What's interesting to me is that it seems that making friends in adulthood is sometimes the hardest of all. Sure, you have your work friends. And sometimes those are true friendships rather than just someone to grab a beer with on Friday night. But when you change jobs, those friendships often fade into the background. Same goes for neighbors you're chummy with. Once you move, staying in touch takes real effort. It's the whole proximity thing again.

Add to that the whole family aspect--parents at different stages of the game with different family obligations pulling on their time--and no wonder it's hard to build real and true friendships at this stage of the game. Is it okay to call them after 8pm when I finally get home from work and finish dinner or will it wake the baby? Should I ask them over this weekend or are they out of town for the sixth weekend in a row for their son's traveling baseball team? And for adults who have multiple kids going in 19 different directions all at once, when they finally ARE all home together, I almost feel guilty extending the invitation because they deserve some quality family time once in a while too.

It's the friendship conundrum. It seems that making friends, no matter what your age, is always one part luck.

Fortunately, I've made some wonderful friends over the last few years in our new town. Both fellow writer chums (who have become my friends in real life too) and neighbors who we still keep in touch with even though they've moved across the country. And I don't take that for granted. We've moved around a lot as a couple and it's a rare (and wonderful!) thing to have finally settled in and made lasting friendships.

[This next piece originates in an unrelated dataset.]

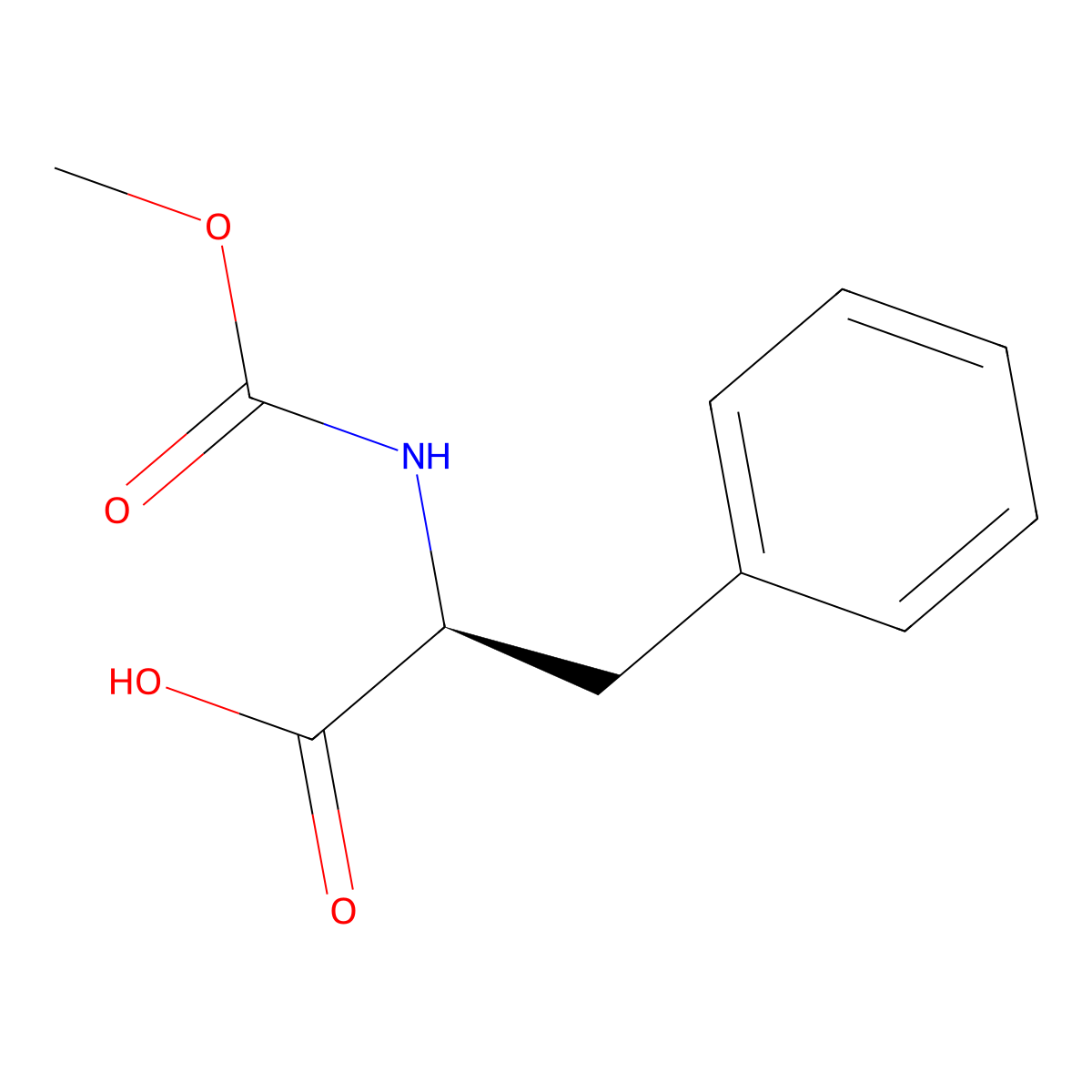 N-(Methoxycarbonyl)-L-phenylalanine molecular structure, CAS 41844-91-1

That hasn't always been the case for us. In our last house, we were surrounded by people who were almost never outside. Seriously, NEVER. We never saw our neighbors unless they were mowing their lawn. Which isn't really the ideal time to stop for a chat. And the people we worked with were at different stages of their lives (or had vastly different interests) than us.

So today, I'm sending out some karmic love for our great adult friends and all the wonderful childhood friends who helped shape who I am over the years. Big smoochies to all of you.

What about you? What do you think is the hardest part about making friends as you get older?

Sunday, June 14

Built-in Friends




My family is just wrapping up a week-long reunion, and since this week's theme at the Cafe is "Friends," I thought I'd share some photos of sibling friends and cousin friends. The first photo is of my cousin Holly and me. I don't get to hang out with her as much as I'd like to because we live on opposite sides of the country, but when we get together we have a great time. She taught me how to wakeboard this last weekend. And those two crazy chicks in crazy hats are my sister and me. For those of you who read Miss Match, the friendship between sisters Sasha and Maddie is based on our friendship. The third photo captures a rare peaceful moment among my three boys. They fight a lot, but they're the best of pals. The one at the bottom is my husband and his brother right after they ran the BAM triathlon yesterday. They work together and play together and don't seem to get sick of each other.

Are you lucky enough to have a cousin or sibling you're friends with? Do share!

Monday, July 7

WF vs NWF

Let’s get friendly! Yep, we’re still talking friends here at TFC!

Since I’m a writer, I’ve got writer friends. Some who write books. Some write plays. A few write movies.

Then I’ve got my non-writing friends. Soon-to-be nurses. Students. Future lawyers.

When I talk to writer friends about my work in progress or different aspects of the publishing world, it’s SO different than talking to my non-writing friends.

Here’s how it goes:

Me to Writer Friend: OMG! I’m getting my ARCs soon!

Writer Friend: Yay! That’s awesome!

or…

Me to a Non-Writer Friend: OMG! I’m getting my ARCs soon!

Non-Writer Friend: Your what?!

I’ve only been in the book biz for a year and a half, but I forget how much lingo I’ve learned. When I talk to my NWF (non-writer friends), I forget that not long ago *I* didn’t know what ARCs, galleys or copy edits were.

It’s fun talking to WF (writer friends) who are knowledgeable about publishing, but it’s also just as fun explaining publishing to my NWF.

So, what about you? Are the majority of your friends writers? What do you like about having friends who are non-writers?